- The paper introduces novel threat models and a NES-based attack method that achieves over 90% success in query-limited, partial-information, and label-only settings.
- It employs gradient estimation with NES and PGD to substantially reduce query counts while enabling targeted attacks on an ImageNet classifier and the Google Cloud Vision API.
- Empirical evaluations report a 99.2% success rate in the query-limited setting, highlighting the attack's robustness and practical implications for adversarial ML security.
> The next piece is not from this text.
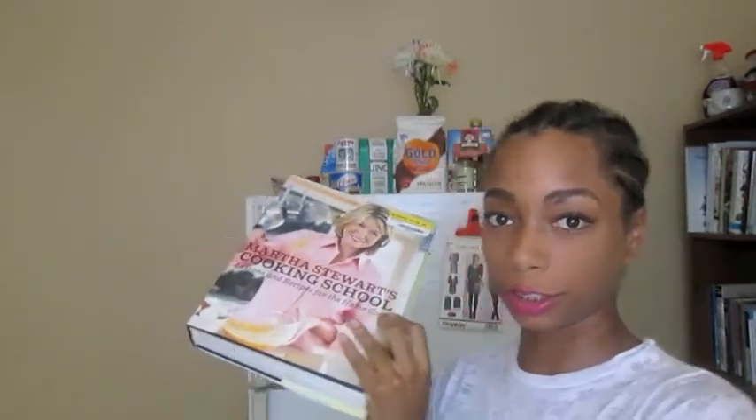Just in case you're following along, I'm doing Martha Stewart's Cooking School recipe book, and I'm on page 192 making the braised fish with fennel and tomato.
Black-box Adversarial Attacks with Limited Queries and Information
The paper "Black-box Adversarial Attacks with Limited Queries and Information" presents a substantial contribution to the field of adversarial machine learning by defining new threat models and developing corresponding attack methodologies. The authors, Andrew Ilyas, Logan Engstrom, Anish Athalye, and Jessy Lin from MIT and LabSix, explore the vulnerability of neural network-based classifiers to adversarial examples under restricted black-box settings, demonstrating the efficacy of their methods on both an ImageNet classifier and the Google Cloud Vision API.
Threat Models
The paper identifies three realistic threat models for black-box adversarial attacks:
- Query-limited setting: This model restricts the number of queries an attacker can make to the classifier, reflecting practical limitations such as monetary costs or time constraints.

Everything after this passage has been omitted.